NEW PORT RICHEY — Pasco County commissioners got their first look Tuesday at how to pay for a 50-year visioning plan to build an infrastructure that would serve 20,000 acres in north central Pasco.
Pasadena Hills, the name given to the area bordered by Curley Road and U.S. 301 that lies north of State Road 56 but south of State Road 52, would require a total of $630-million spent for roads, parks and schools as well as improvements to the surrounding area required by new development, according to consultant Heidt & Associates.
The consultant, assisted by attorneys for the group of landowners, recommended raising the money by a 27.8 percent surcharge tacked onto impact fees for homes to be built in the area.
Joel Tew, attorney for the landowners, said he hoped commissioners would adopt necessary ordinances in 2009 so they'd be in place "should the world come back to life" and the housing market recovers.
Heidt & Associates senior vice president Pat Gassaway, who presented the report, said the committee wanted to go beyond minimum requirements.
"They believed the funding plan should do much more," he said.
It includes a pool of money to help pay for two-lane roads as well as primary roads, as well as $21.2-million to pay for school sites and $13-million for parks.
The report also targeted 16 possible park sites. The committee decided that rather than build one regional and two district parks, it would be more efficient to build one "super park" in the area. Each site was given point values based on location, access to roads, closeness to existing parks and other factors. The site that rated highest was a 310-acre site near Overpass Road and Fort King Highway.
Commissioner Ann Hildebrand said the county has very few opportunities to "get it right" when it comes to land development, but "I think this is it."
Commissioner Ted Schrader, who encouraged the plan's development, called it "a plan I think we can all wrap our arms around.
The plan sets out a series of village centers spread over 22,000 sparsely populated acres of east and central Pasco.
Commissioners adopted the concept last year, saying they wanted to avoid the haphazard development of Wesley Chapel and Land O'Lakes.
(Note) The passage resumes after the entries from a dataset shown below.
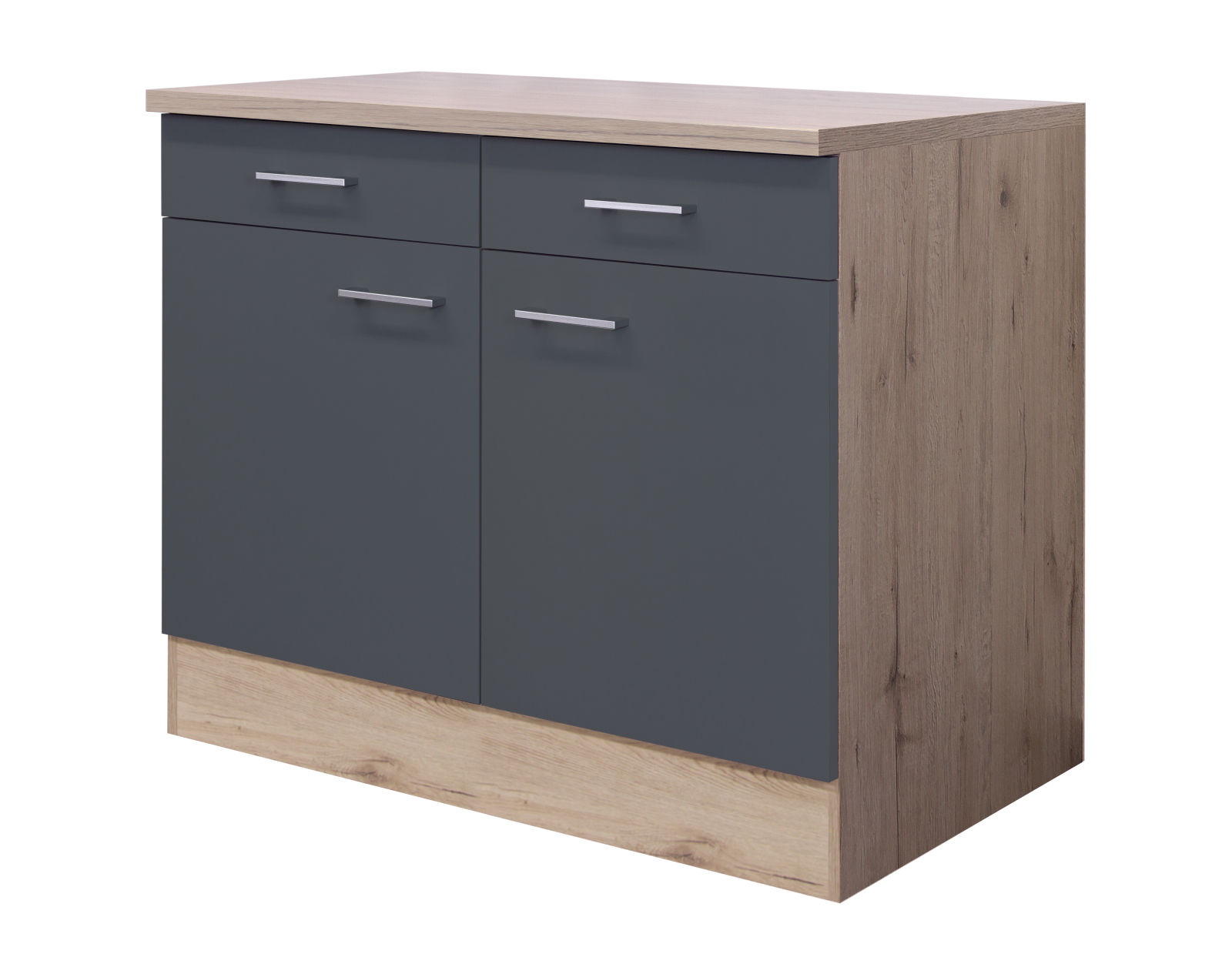 Unterschrank MORENA - San Remo Eiche - Basaltgrau matt - 100 cm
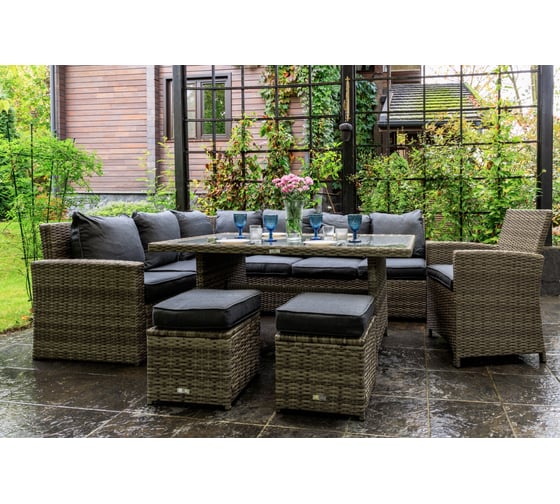 Изображение товара Обеденный комплект Royal Family ZORRO PLUS серый с угловым диваном 999-99-71-71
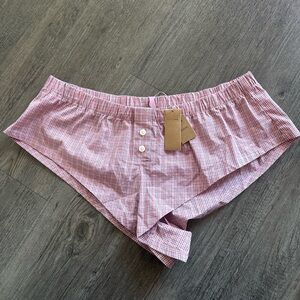 SKIMS Pink Checkered Women's Shorts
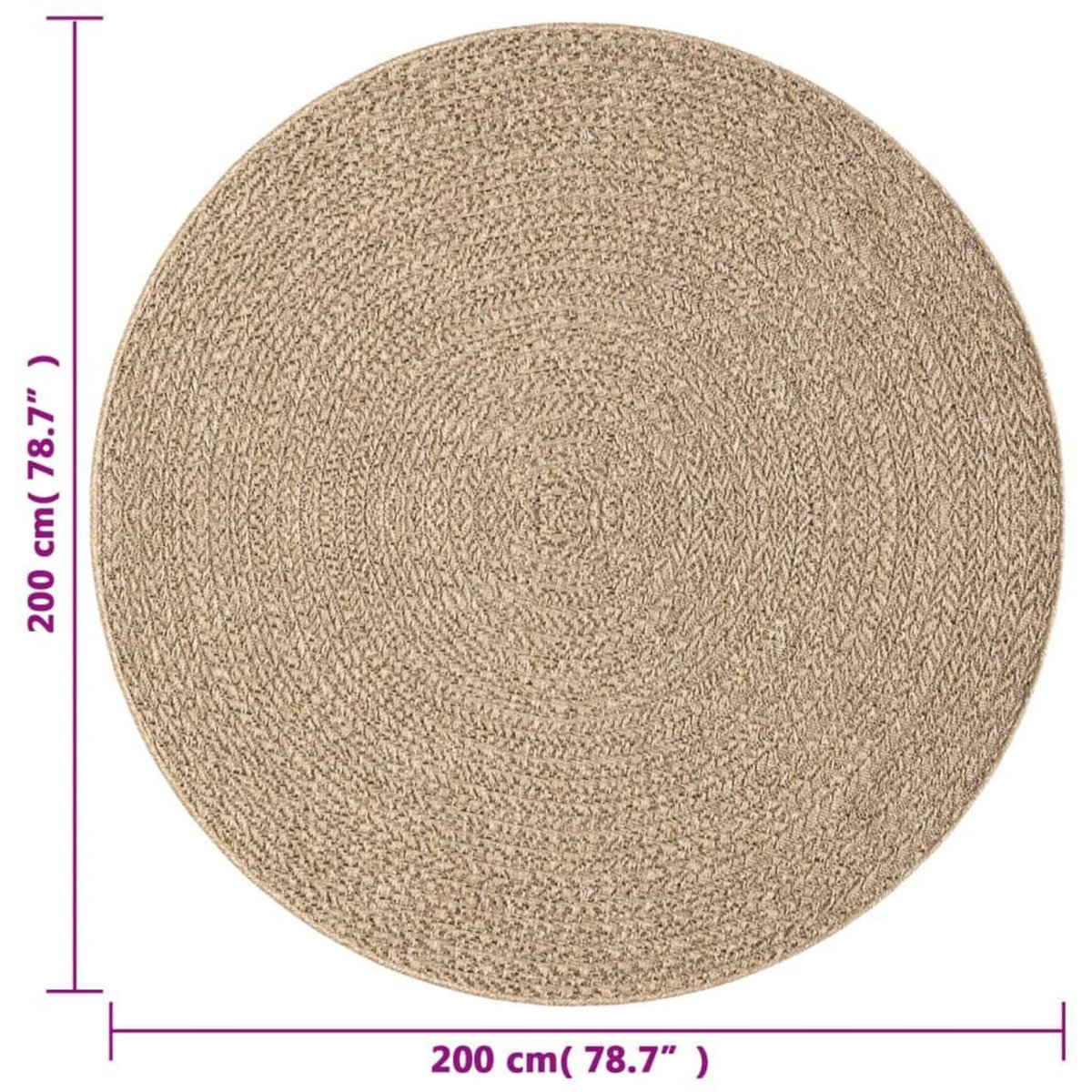 VIDAXL Tapis ZIZUR Ø 200 cm aspect de jute interieur et exterieur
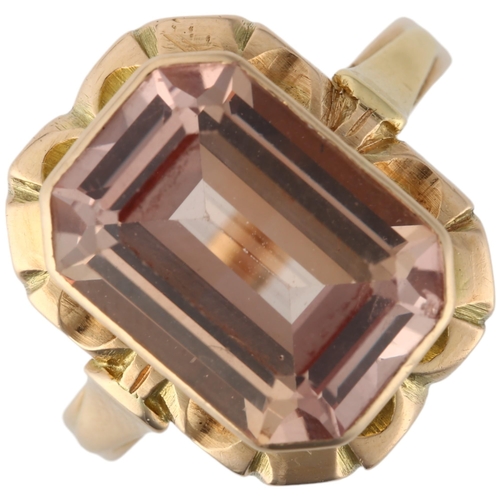 1226 - A Polish 14ct gold golden topaz dress ring, rub-over set with 7.7ct octagonal step-cut topaz, weight... 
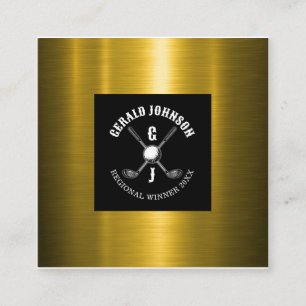 Minimalistisk golfmonogramdesign fyrkantigt visitkort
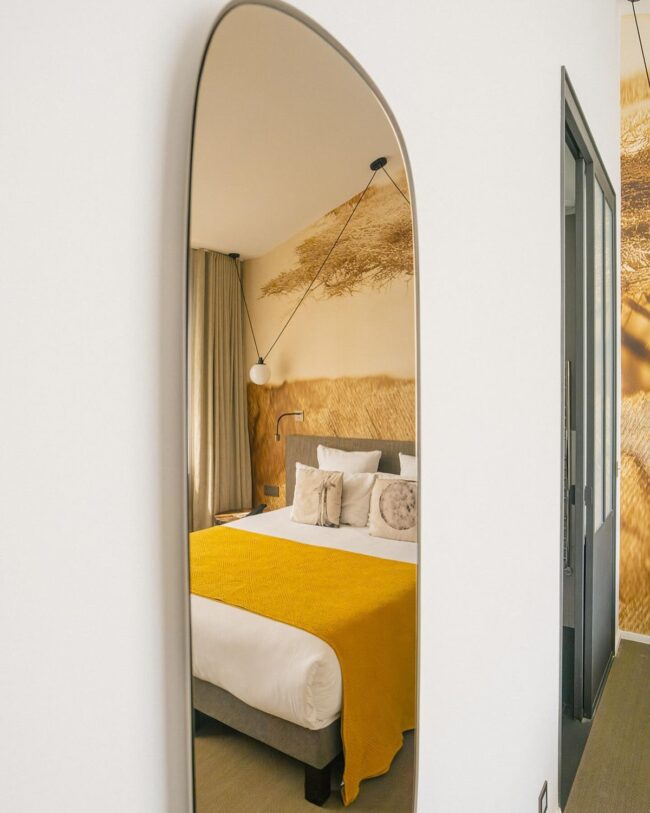 Bold Yellow Accents with Modern Lines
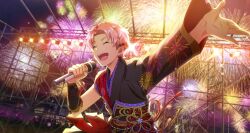 Rule 34 | 1boy, ahoge, braid, closed eyes, fingernails, fireworks, fireworks print, hair ornament, highres, holding, holding microphone, idolmaster, idolmaster side-m, idolmaster side-m growing stars, japanese clothes, kabuto daigo, male focus, microphone, official art, open mouth, pink hair, ribbon, smile, solo, stage, stage lights, teeth, third-party source, upper teeth only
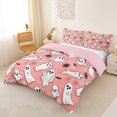 thumbnail image 2 of Homewish Cartoon Halloween Ghost Bedding,Spider Web Bat Pattern Duvet Cover Full,Blush Pink White,Pink Reversible,3 Pieces,1 Duvet Cover and 2 Pillowcases, 2 of 6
They asked landowners to come up with a financial plan by the end of the year.
The plan calls for 11 "village centers" linked by a network of two-lane roads, in the area between State Roads 54 and 52, bounded by Curley Road to the west and U.S. 301 to the east.
The area is called Pasadena Hills, and it could have 45,000 homes — rivaling Wesley Chapel — when it's completed.
The plan is to design what it'll look like in the year 2050, and the design is influenced by antisprawl "smart growth" tenets such as pedestrian-friendly environments. Narrower roads to slow cars down. Self-sufficient communities that radiate outward, from dense downtown centers to homes on 5- to 10-acre lots.